[ENTRIES PROVIDED — start]

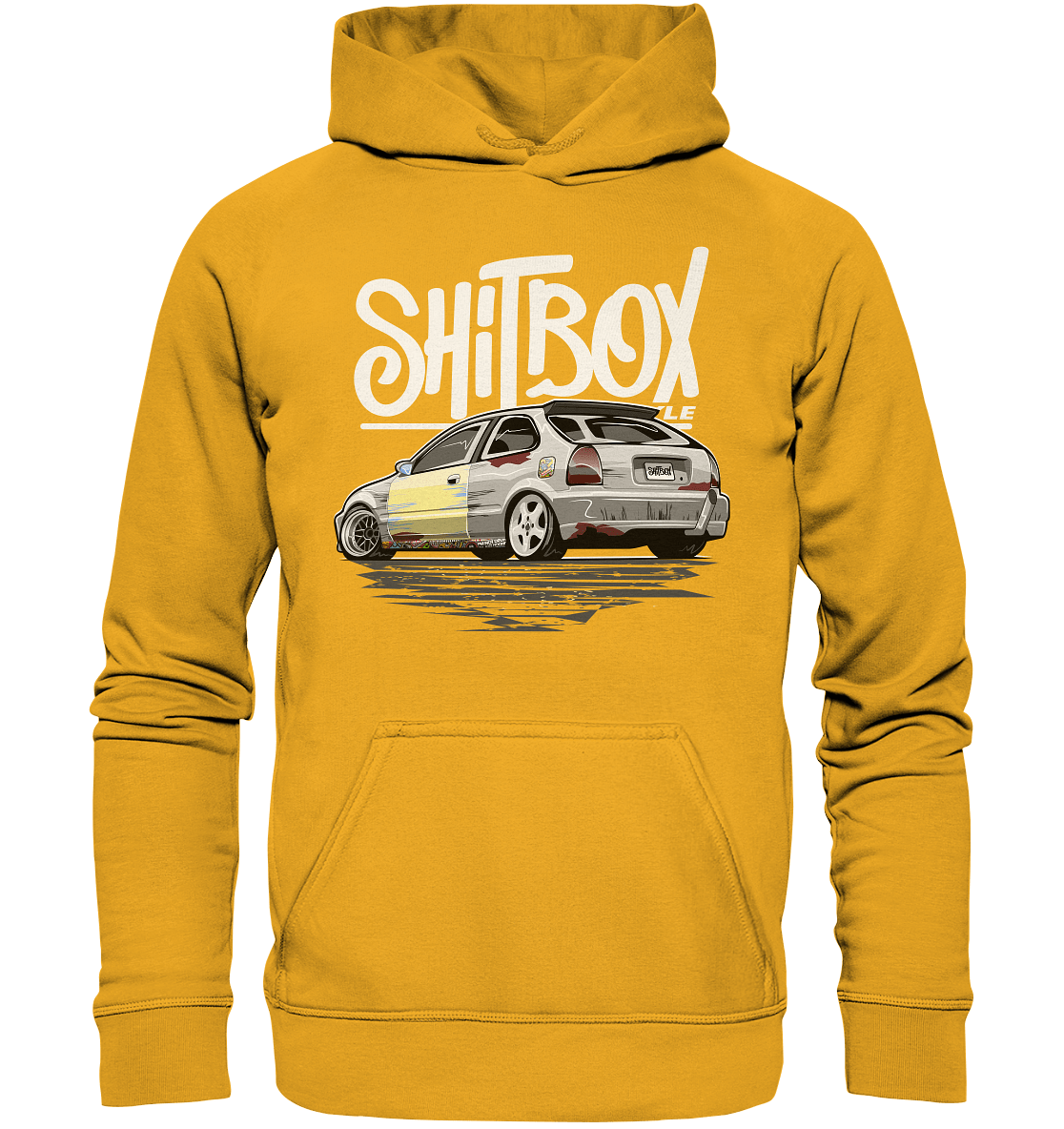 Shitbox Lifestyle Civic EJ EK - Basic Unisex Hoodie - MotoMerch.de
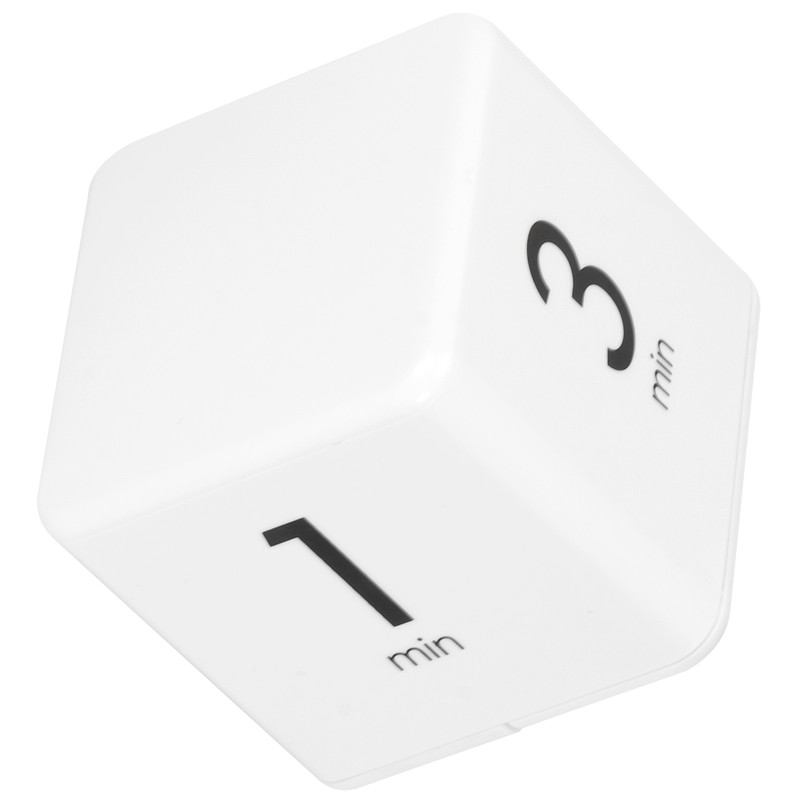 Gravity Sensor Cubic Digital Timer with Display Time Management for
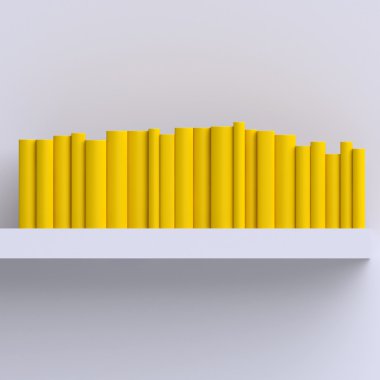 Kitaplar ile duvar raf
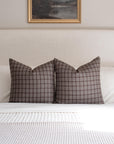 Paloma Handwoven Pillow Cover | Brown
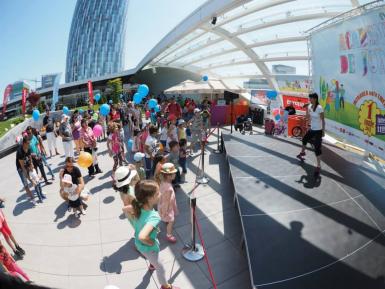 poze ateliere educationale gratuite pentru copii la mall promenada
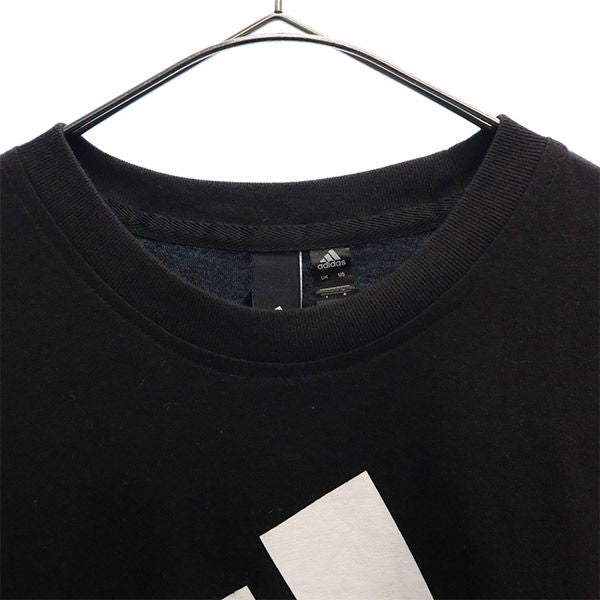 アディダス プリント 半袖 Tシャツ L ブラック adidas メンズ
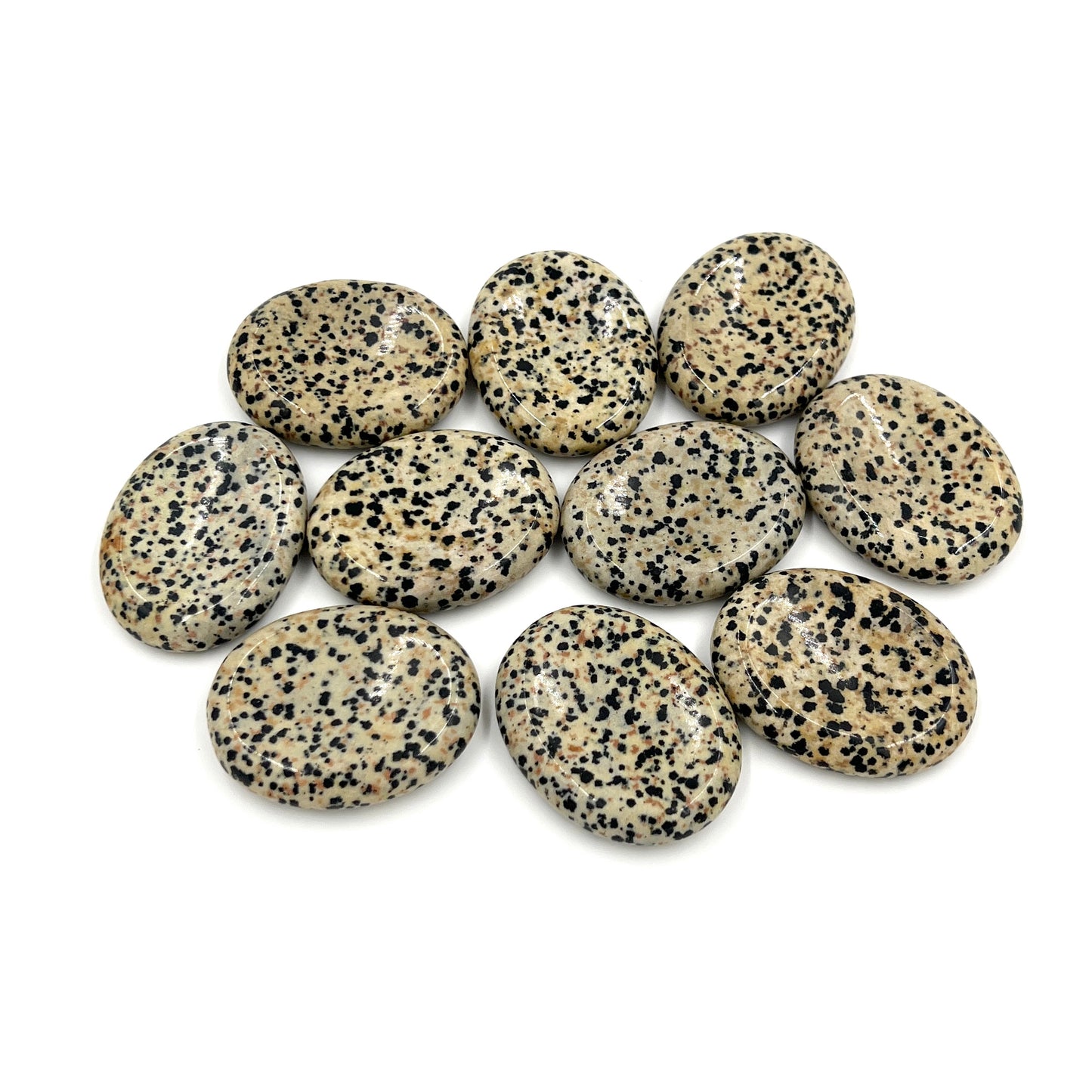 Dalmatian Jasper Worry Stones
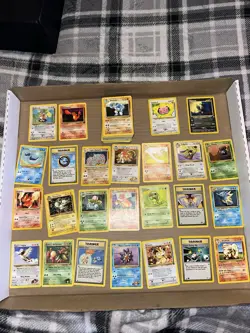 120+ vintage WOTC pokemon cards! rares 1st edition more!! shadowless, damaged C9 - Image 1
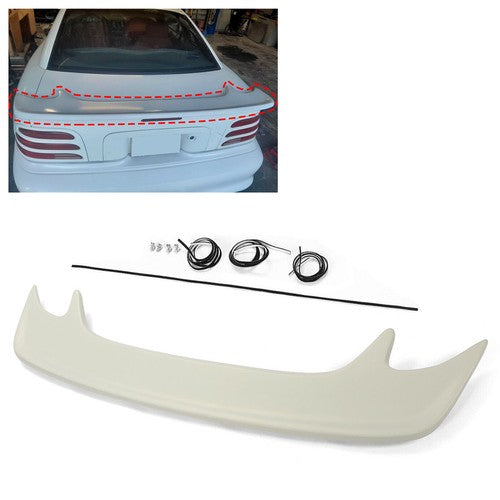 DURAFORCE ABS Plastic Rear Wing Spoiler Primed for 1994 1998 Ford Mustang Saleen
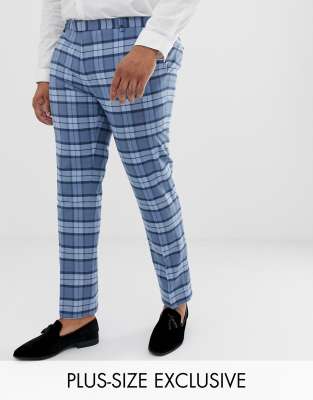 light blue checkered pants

[ENTRIES PROVIDED — finish]
[ENTRIES PROVIDED — start]

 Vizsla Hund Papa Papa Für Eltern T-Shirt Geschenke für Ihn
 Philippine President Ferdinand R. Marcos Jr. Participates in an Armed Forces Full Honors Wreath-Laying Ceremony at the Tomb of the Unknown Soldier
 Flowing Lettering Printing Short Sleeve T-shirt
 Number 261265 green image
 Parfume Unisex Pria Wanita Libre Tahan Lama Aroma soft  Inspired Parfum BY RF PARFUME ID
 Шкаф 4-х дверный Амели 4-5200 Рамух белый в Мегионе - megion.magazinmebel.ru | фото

[ENTRIES PROVIDED — finish]

» WHAT THE TASK REQUIRES:
An exact copy is needed of the stretch above that opens with the line containing "アディダス プリント 半袖 Tシャツ L ブラック adidas メンズ" and closes with the line containing "light blue checkered pants"; the pictures are not part of it.

» YOUR RESPONSE:
 アディダス プリント 半袖 Tシャツ L ブラック adidas メンズ
 Dalmatian Jasper Worry Stones
 120+ vintage WOTC pokemon cards! rares 1st edition more!! shadowless, damaged C9 - Image 1
 DURAFORCE ABS Plastic Rear Wing Spoiler Primed for 1994 1998 Ford Mustang Saleen
 light blue checkered pants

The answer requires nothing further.